The Insurance Institute for Highway Safety (IIHS) has announced the results of two tests designed to evaluate the potential benefits of installing underride guards on the sides of truck trailers.
One test was designed to serve as a base case. The trailer was equipped with conventional trailer skirts--but no guard. The other test involved a side underride guard manufactured by AirFlow Deflector Inc. It, too, had trailer skirts, but they were reinforced by a side underride guard that extended virtually all of the space between the landing gear and rear suspension.
In both tests, a midsize car struck the center of a 53-foot-long dry van trailer at a speed of 35 mph. In the test involving the side underride guard, the guard bent but did not allow the car to go underneath the trailer. The car’s airbags inflated as designed, and the safety belt properly restrained the test dummy in the driver seat.

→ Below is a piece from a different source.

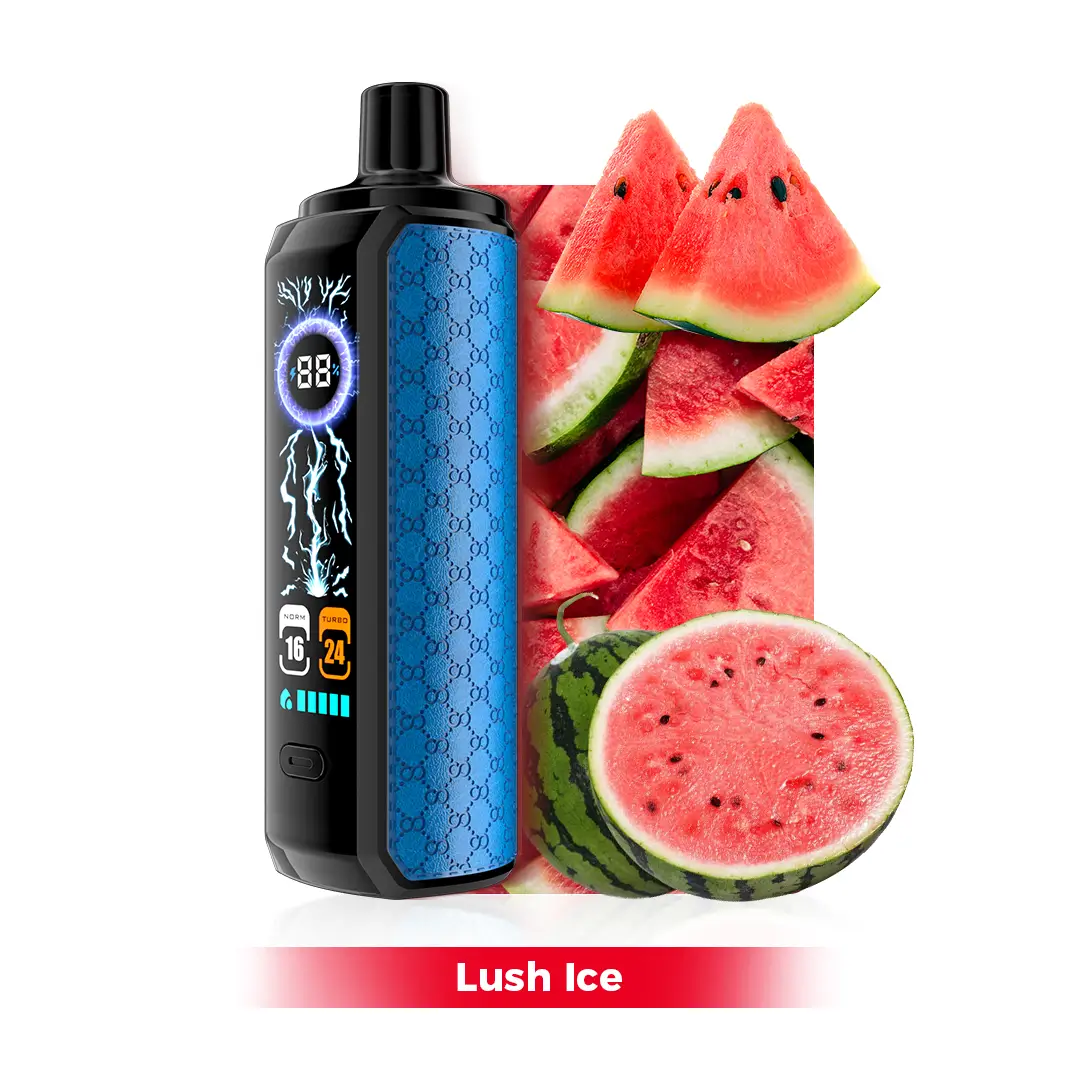Suonon Drag 22K Disposable Vape (0.6% DTL, 22000 Puffs)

In the second test, where no side underride guard was installed, the car ran into the trailer and continued to move under the trailer. The impact sheared off part of the roof, and the sedan became wedged beneath the trailer. In a real-world crash like this, any occupants in the car would likely sustain fatal injuries, according to IIHS.

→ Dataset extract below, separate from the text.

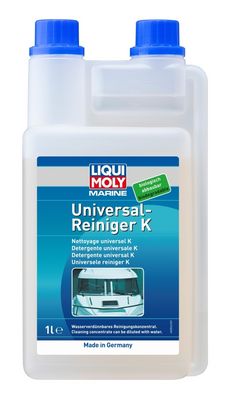 LIQUI MOLY Universalus variklis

“Our tests and research show that side underride guards have the potential to save lives,” said David Zuby, executive vice president and chief research officer at IIHS. “We think a mandate for side underride guards on large trucks has merit, especially as crash deaths continue to rise on our roads.
“We are not ready to petition the National Highway Traffic Safety Administration for rulemaking, but we will share our findings with regulators when they are complete. Right now we want fleets to be aware of the safety benefits of side underride guards.”